I was able to solve the following :
$(1-x^2)y''-2xy'+\lambda y = 0$ where $\lambda$ is a real constant.
The solution that I obtained is of the form $\sum_{n=0}^{\infty}C_nx^n$ with
$C_{n+2} = \frac{n(n+1)-\lambda}{(n+2)(n+1)}C_n$
Which gives me:
$y_1(x) = C_0[1-\frac{\lambda}{2}x^2+\frac{(2)(2+1)-\lambda}{(4)(3)}x^4...]$
For the even part and:
$y_2(x) = C_1[x+\frac{2-\lambda}{(3)(2)}x^3+...]$
for the odd one.
I am now required to establish the ratio of convergence using the ratio test, but I can not find a way to do it with my solution written in that form.

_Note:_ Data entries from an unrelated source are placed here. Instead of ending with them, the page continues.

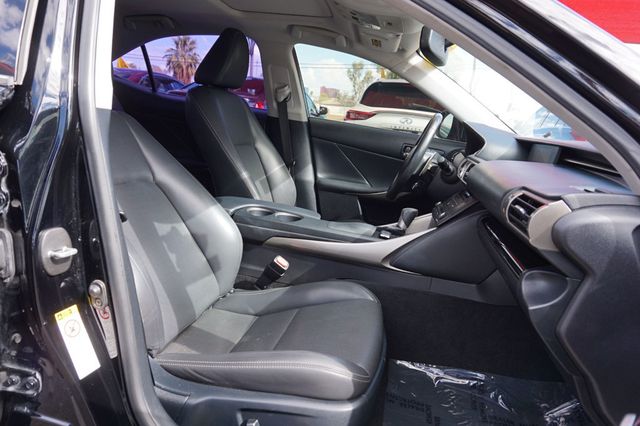 2015 Lexus IS 250 MOON ROOF, NAVIGATION, BACKUP CAMERA, PREMIUM WHEELS - 22935642 - 9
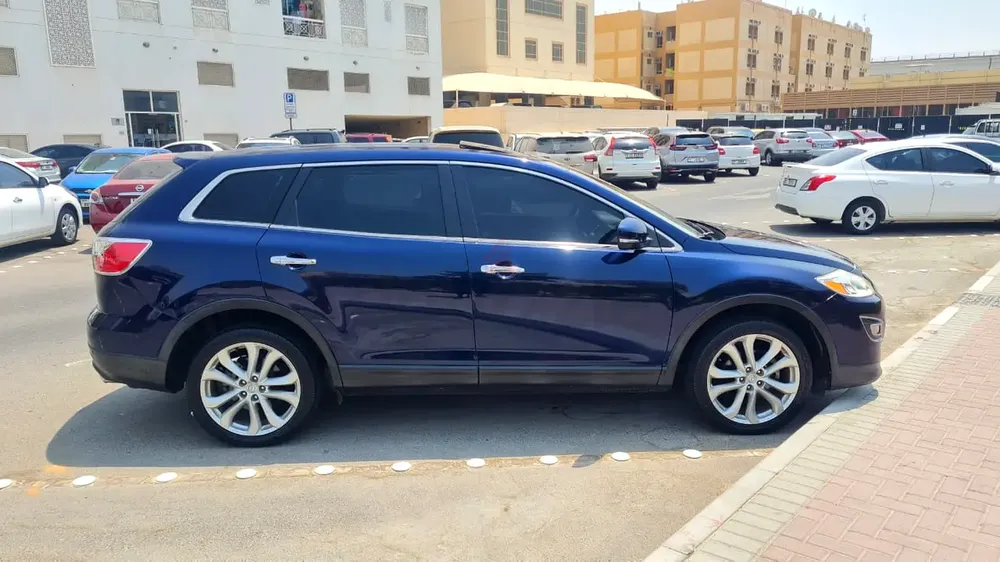MAZDA CX9 2011 SUNROOF LEATHER INTERIOR GULF GCC SPEC FULL SERVICE VERY CLEAN - Image 5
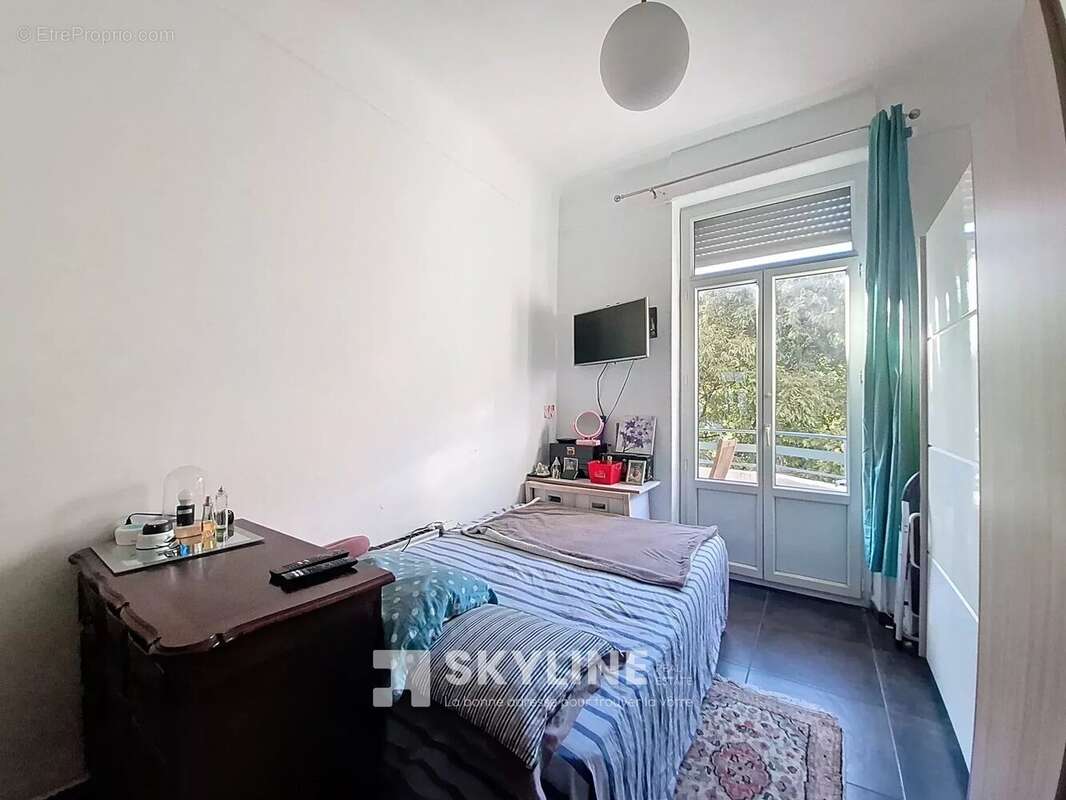 Appartement à MARSEILLE-6E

Consider the even and odd part as power series in $u=x^2$, $$y=y_e(x^2)+xy_o(x^2),~\text{ where }~ y_e(u)=\sum_kC_{2k}u^k,~~ y_o(u)=\sum_kC_{2k+1}u^k,$$ and compute the radius of convergence for $y_e$ and $y_o$ separately. The minimum of the radii is then the radius for the sum of both parts.